BLUE APRON, which has struggled to woo investors since its June IPO and recently laid off hundreds of workers, is only one of the many meal-kit and food delivery services that seem to be struggling. Some say the big meal bubble has burst but I suspect it's only undergoing significant changes since Americans continue to value the convenience and choice these services offer.
CVS Health's ballsy offer to acquire Aetna for $66 billion earlier this month is likely to get approved. And we'll surely see more M&A and JV activity in healthcare as players try to get in front of Amazon's eventual entry into the space. Fortunately for customers, such moves are likely to drive costs down and convenience up.
DONALD TRUMP has been my "D" brand for two years now. His Presidential brand has unquestionably been the most unusual we've seen and the unbelievable antics will only continue. Between North Korea and Russia on the international front to healthcare and immigration domestically to his own staffing and family affairs, there's so much about The Donald to keep an eye on in the coming year.

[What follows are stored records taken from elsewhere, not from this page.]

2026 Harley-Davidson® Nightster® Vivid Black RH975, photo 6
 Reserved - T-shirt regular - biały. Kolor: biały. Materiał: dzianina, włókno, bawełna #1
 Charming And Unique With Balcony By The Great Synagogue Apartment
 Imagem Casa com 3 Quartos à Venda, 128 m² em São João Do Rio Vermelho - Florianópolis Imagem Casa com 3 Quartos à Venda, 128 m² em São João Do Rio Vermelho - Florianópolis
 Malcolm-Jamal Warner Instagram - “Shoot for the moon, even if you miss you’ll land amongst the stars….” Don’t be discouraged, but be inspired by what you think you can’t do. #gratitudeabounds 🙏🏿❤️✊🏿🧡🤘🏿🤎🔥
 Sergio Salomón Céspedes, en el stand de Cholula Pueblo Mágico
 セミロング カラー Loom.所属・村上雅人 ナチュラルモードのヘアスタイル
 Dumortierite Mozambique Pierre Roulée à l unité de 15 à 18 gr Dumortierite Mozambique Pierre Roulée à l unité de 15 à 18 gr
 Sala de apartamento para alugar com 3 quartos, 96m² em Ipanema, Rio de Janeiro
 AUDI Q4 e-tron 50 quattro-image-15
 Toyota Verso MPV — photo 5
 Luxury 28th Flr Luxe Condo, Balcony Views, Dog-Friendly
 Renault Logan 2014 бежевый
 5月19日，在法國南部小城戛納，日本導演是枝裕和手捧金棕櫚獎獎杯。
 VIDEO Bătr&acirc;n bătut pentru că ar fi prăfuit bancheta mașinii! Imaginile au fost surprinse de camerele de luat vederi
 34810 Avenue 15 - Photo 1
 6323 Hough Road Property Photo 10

ETHEREUM. I am just as confused by cryptocurrency and blockchain technology as most people are, but I'm pretty sure their influence on our economy is likely to continue to grow. Ethereum, an open software platform based on blockchain technology, enables developers to build and deploy decentralized applications. Given how wide-ranging it can be, I'm guessing we'll be hearing more about it in 2018 and beyond.
FACEBOOK. Nearly 200 million U.S. adult users spend an average of 41 minutes a day on Facebook -- that fact alone makes this brand noteworthy. But 2018 will bring more newsy developments given its involvement in the Russian election meddling, new features like its Watch video tab, and continued acquisitions.
GALAXY, Samsung's mobile device product brand, remains a formidable challenge to Apple. The Galaxy S8 Plus has been viewed as a viable -- even preferable, in some cases -- alternative to the iPhone X, and the S9, due out early next year, will feature a massive redesign (likely including dual cameras). But the Galaxy X with its expected folding display may catapult it well far ahead of even our imaginations.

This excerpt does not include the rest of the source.